Quizá la referencia no sea más que una justificación para envalentonarse frente al espejo y no caer de rodillas ante la humillación de la muerte. Pero en el caso de Melville, hay que reconocer que el Sumo Hacedor puso las cosas en su lugar y permitió que el primitivo cine mudo lo recuperara, primero como un escritor de acción y, de inmediato, como el novelista de enorme amplitud que supo erigir la formidable columna literaria que hoy es.
Hago esta referencia a Melville porque a mí me toca la suerte inversa. Mi novela Las Tumbas cumple 40 años y una nueva edición que está imprimiéndose demuestra que aún está vivita y coleando como cuando apareció en 1972. Pero, me pregunto: ¿una vez muerto el autor existirá una capa de ceniza volcánica que olvide el período y cubra con silencio definitivo lo que alguna vez saltó a los anaqueles?... Resumo: ¿qué es mejor?, ¿ser ignorado en vida y pasar a la posteridad o ser olvidado para siempre por más leña al fuego que uno eche? Y, en tal caso, ¿es ello importante? Posiblemente esto que estoy escribiendo suene fuera de lugar o petulante, pero no estoy haciendo otra cosa más que sentirme satisfecho y feliz por el aniversario que festejo.
Cuando el editor Gastón Gallimard le dijo a Céline que luego de las prohibiciones sufridas iba a reeditar el Viaje y que sería conveniente que escribiera un prólogo al respecto, Céline lo mandó al diablo. Luego aflojó y escribió un prologuito renegando de su obra. Lógico, él podía permitirse el desplante porque íntimamente sabía que era el único que había superado a Shakespeare y que Dios ya le había asegurado la eternidad en la cima de todos.
Otra cosa es uno, que titubea en cada línea que escribe y tiembla cada vez que publica un libro. Por este osado riesgo es que uno se festeja, festejando al mismo tiempo a los lectores.

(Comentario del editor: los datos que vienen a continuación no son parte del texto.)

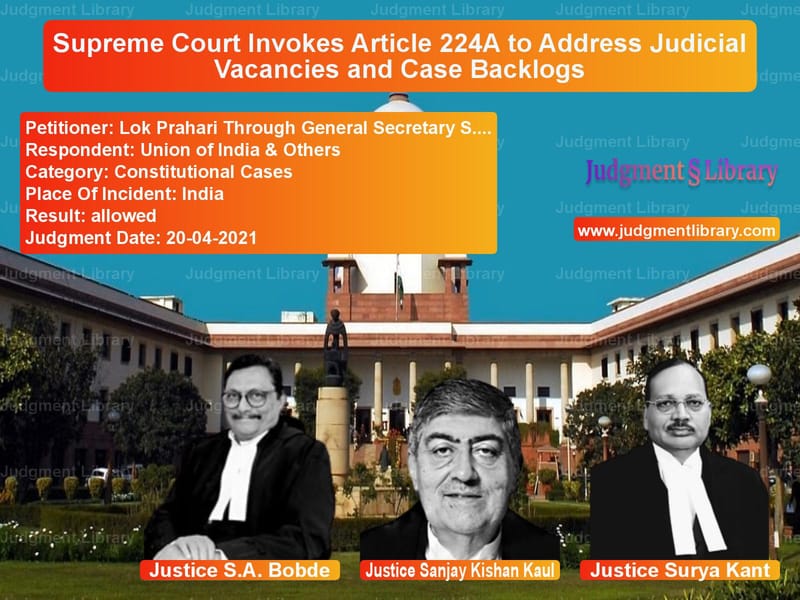 Supreme Court Invokes Article 224A to Address Judicial Vacancies and Case Backlogs image for SC Judgment dated 20-04-2021 in the case of Lok Prahari Through General Se vs Union of India & Others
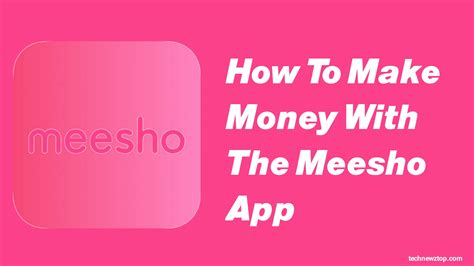 How To Make Money From Meesho App Secrets Revealed 2024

Uno festeja retribuyendo, que es la mejor forma de respetar al que nos da el motivo para la satisfacción. Es el lector quien determina: esto sí, esto no.
Para el escriba, uno, ese tiempo ido se desbarató como resuello en el mar, sin que nadie avisara por el desperdicio paradójico. De todas maneras, en ese lapso uno trabajó creyendo y se animó a ir poniendo ladrillito sobre ladrillito con la intención de construir un bello castillo, aunque el resultado puede que no haya sido más que una endeble escalera al vacío. Pero uno pudo hacer ese intento gracias a que la base aguantó la presión. La base fue el lector, y me sostuvo.
La suma de libros publicados no es otra cosa que el cuerpo literario del autor. En mi caso no hace falta aclarar que el corazón de ese cuerpo es Las Tumbas, novela que, en este instante en que usted me está leyendo, vuelvo a depositar en sus manos, para que, con su cómplice abrigo, en un ansiado futuro podamos volver a festejar otros cuarenta años de sueños, propósitos y fervores literarios que justifiquen el apoyo que me ha brindado y que yo, muy impresionado, conmovido, agradezco mirándolo a los ojos.